Prior to the start of the 1910–11 season, Johnson announced that he would relinquish his remaining amateur status to become a professional basketball coach and referee in December 1910. He reported to the basketball team at the start of January 1911 after it was revealed that his work did not result in the loss of his amateur standing. On January 24, Johnson decided to withdraw from any further participation in Jayhawks athletics.

===Other sports===
Johnson also played for the Jayhawks baseball team and was a member of the track and field team. The Missouri Valley Conference passed a ruling that no player could participate in more than two sports so Johnson chose to commit to football and basketball while he dropped his other athletic pursuits.

==Death==
Johnson suffered an injury to his back in a basketball game against the Saint Louis Billikens which was to be the start of his health decline. In the final game of the 1910 football season against the Missouri Tigers, Johnson was squashed between two Tiger defenders and re-aggravated a kidney condition that had plagued him since his childhood. His injury meant that he was unable to play basketball during the 1910–11 season and his health steadily deteriorated over the next year.

On October 10, 1911, Johnson was taken to the University Hospital for treatment for severe kidney trouble. Surgeons believed that tubercular bacilli were confined to a single kidney and believed that cutting away part of his organ would be sufficient for recovery. Subsequent microscopic examinations revealed that the tubercular area had spread to several organs and intestinal tracts so the surgeons abandoned the idea of operating.
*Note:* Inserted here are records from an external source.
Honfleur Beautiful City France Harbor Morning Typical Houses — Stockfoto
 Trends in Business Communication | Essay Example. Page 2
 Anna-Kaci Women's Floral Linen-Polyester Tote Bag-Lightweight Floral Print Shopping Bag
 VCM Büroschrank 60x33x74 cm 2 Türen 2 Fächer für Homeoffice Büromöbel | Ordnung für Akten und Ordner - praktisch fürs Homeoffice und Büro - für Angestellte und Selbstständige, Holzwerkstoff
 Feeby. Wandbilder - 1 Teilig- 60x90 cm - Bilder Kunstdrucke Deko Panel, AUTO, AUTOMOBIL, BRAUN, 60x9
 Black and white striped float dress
On November 24, 1911, Johnson died in hospital due to tuberculosis of the liver. His mother, Francis Lupher, and brother, Edward Johnson, were at his bedside when he died.

==Legacy==
In an obituary published in the Lawrence Journal-World, Johnson was called "the most famous athlete that the University of Kansas, has ever known from an individual standpoint." In 1935, the University of Kansas honored Johnson at halftime of the Homecoming game against the Missouri Tigers where teammates celebrated him as the best athlete in Jayhawks history.

In 1939, the University Daily Kansan ranked Johnson third in its poll for the greatest Jayhawks athletes behind Jim Bausch and Glenn Cunningham. By the end of the century, Johnson's legacy had been relegated; he was not listed in the top 10 athletes of the past 100 years in a 1999 ranking by the University Daily Kansan.